We finished that chore in a couple of hours and stoppped on our walk back up to the main area to retrieve the many, many tomato cages that were still sitting out in the rows where the previous season's tomato plants had been. We brought them back down near the main area and stacked them neatly in a pile where they'll stay until they're needed again in the spring.
Our next job was in the greenhouse where we filled seedling flats with soil and then planted them with pepper seeds. We emptied some other seedling trays of their soil and too small/too old transplants to get them ready for planting again.
Then, because it's between seasons, where things operate a little differently than when the official CSA season is in force, we walked back down to the field to harvest what we wanted for ourselves. I'm not sure how it will work during the regular season, but the others talked about how it felt different to be harvesting for oneself instead of for the CSA members.
Luckily I had a canvas bag with me that I had carried my boots and things in, so I was able to use that to hold the vegetables I picked. Some smaller plastic bags would have come in handy to separate out the different greens and herbs.

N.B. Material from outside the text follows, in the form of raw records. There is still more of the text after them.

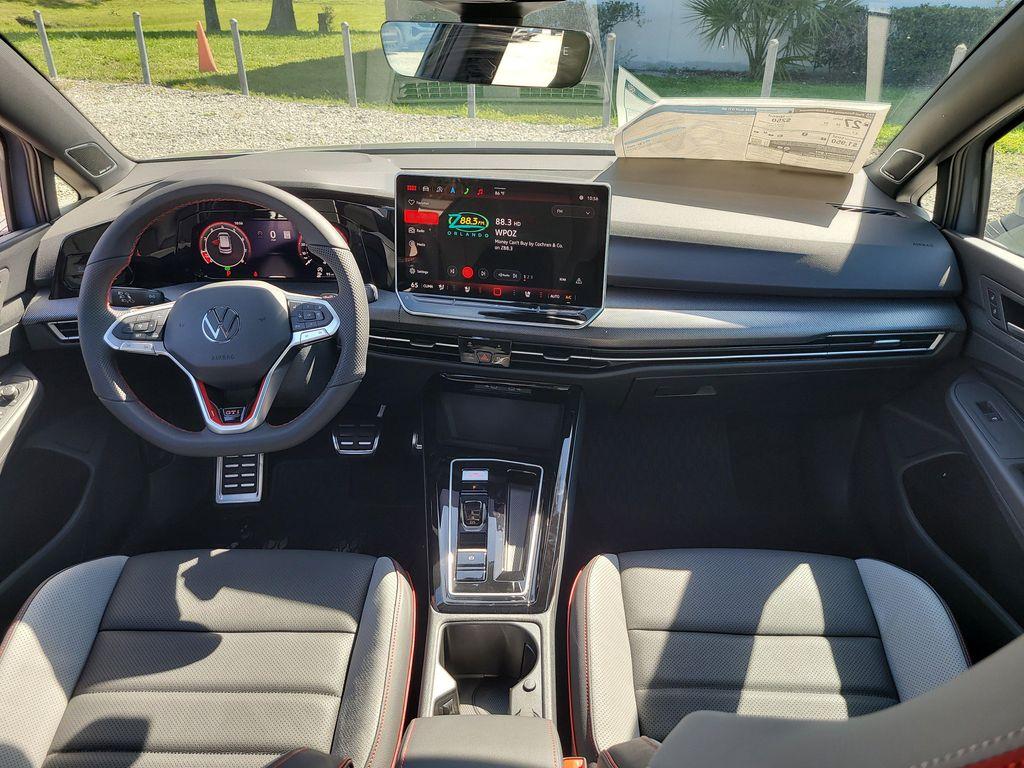 new 2025 Volkswagen Golf GTI car, priced at $39,485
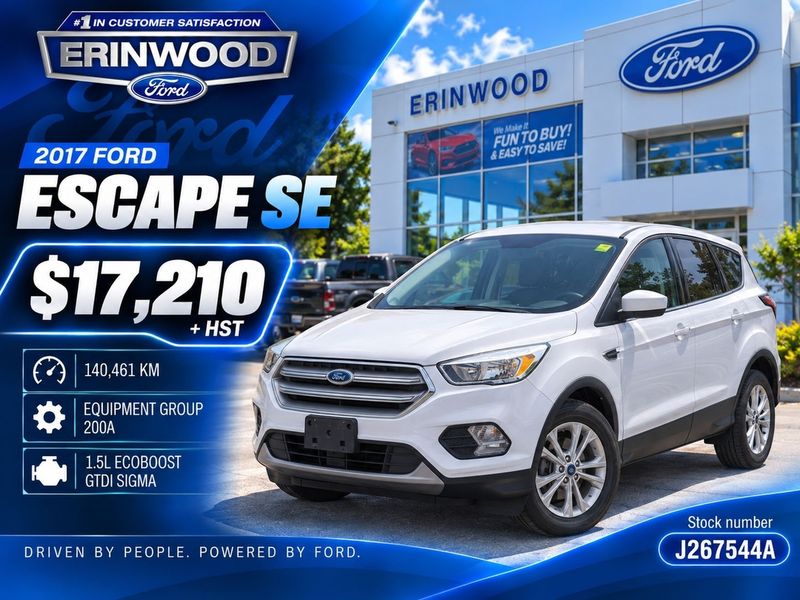 2017 Ford Escape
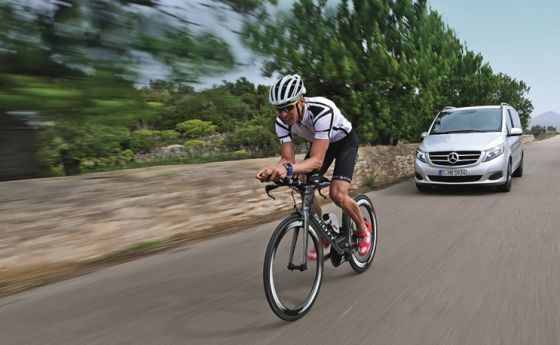 Mercedes-Benz è Official Car Partner dell'Ironman® European Tour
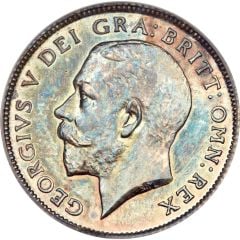 6 Pence - George V 1st coinage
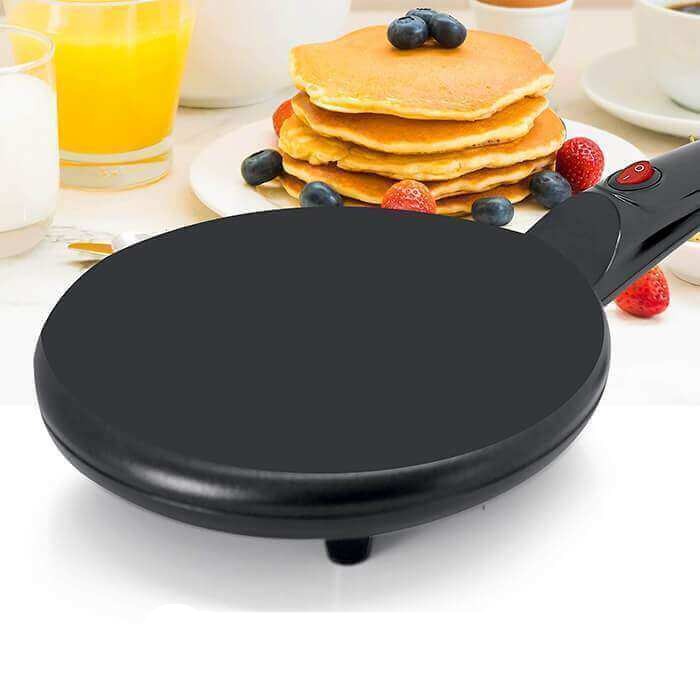 Elektrischer Crêpe-Maker | Praktisch | Einfach | Schnell | Langlebig | Kompakt-Luzern Mode
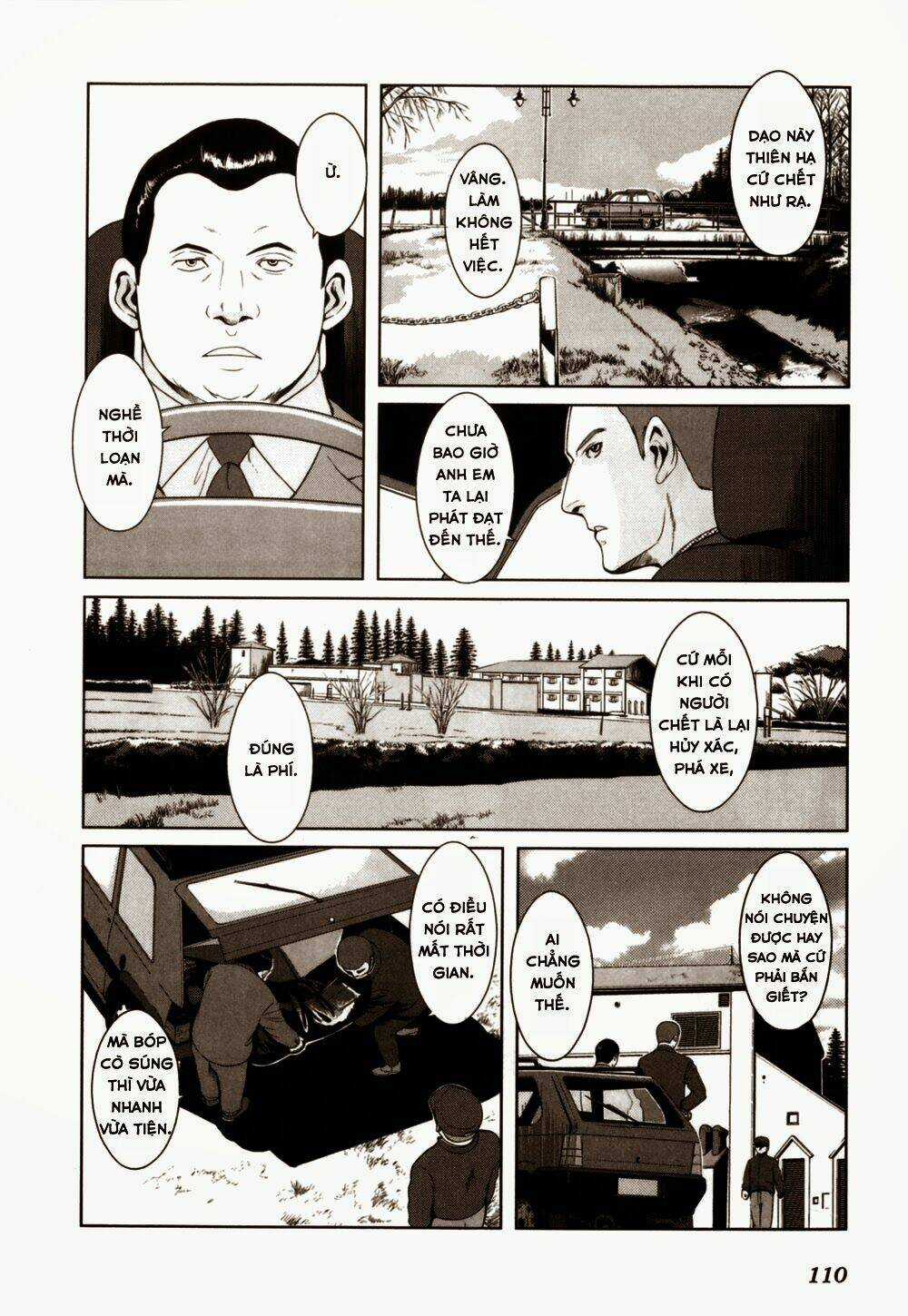 Gunslinger Girl Chapter 16 trang 2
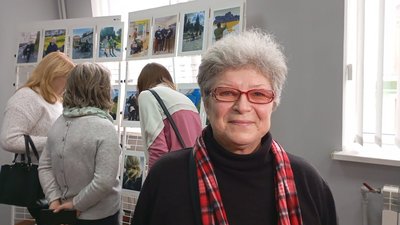Тетяна, відвідувачка, фотовиставка Тетяна, відвідувачка, фотовиставка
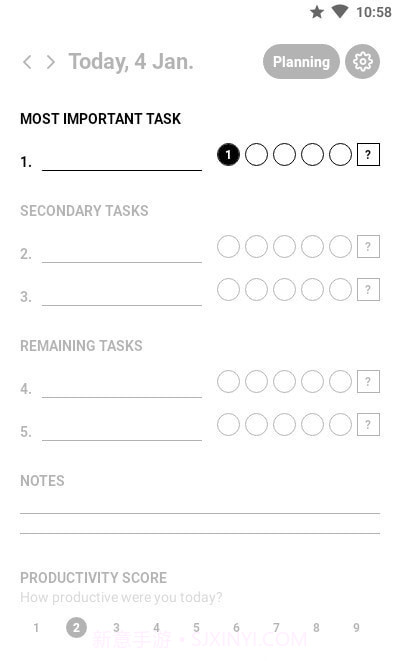 周计划表截图4 周计划表截图4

I didn't take any pictures of the farm because I was new and didn't know how they'd feel about that. Perhaps I'll try and take some another time.
I did take a photo once I arrived back home of the things I'd gotten. This was after carefully separating out the greens and herbs that had all been put loose into the big bag.
I got baby spinach, lettuce, cilantro, dill, Daikon radishes, kohlrabi, some tiny turnips and kale. There were also collards, but I passed on those. This is more than enough for me to eat in the upcoming week since the other person in this house doesn't care for any of this selection at all. Well, maybe the cilantro in some salsa.
They also gave me 15 good-size vegetable plants to take home with me. I was as thrilled about that as anything else because the cost of plants is quite expensive at the nurseries and big box stores these days. I got some broccoli, Chinese cabbage, iceburg lettuce and a regular green cabbage. The other person around here likes iceburg lettuce, so I hope that I can nurse those along before it gets too warm.
I was a good girl and took them right out to the garden and planted them when I got home. It was such a beautiful day, more like April than January, and I couldn't resist staying outside a bit longer.
I also stopped at a hospital volunteer-run thrift store on the way home. One of the reasons I chose the workshare day that I did was because I knew this thrift store would be open on that day. It's only open three days a week and I don't usually visit unless I have other business in that town (which isn't often).
In one of my past kitchen declutterings I had rid myself of my nice large salad spinner because it was so large and I felt it didn't justify the space it took up. There have been times when I've regretted that decision, so I was quite happy to discover a small salad spinner at the thrift for only $1. There was also a larger one, of a nicer quality and five times the price that I didn't choose. I liked that this one would fit easily into my cabinet over the top of the refrigerator. I also like the fact that if I decide to declutter it again in the future, it only cost a dollar.
All in all, I really enjoyed the experience. I met some nice people, got some exercise, obtained some fresh local vegetables and vegetable plants, with a bonus visit to the thrift store. I even learned a thing or two about gardening that will help me with my own backyard garden, but more about that some other time.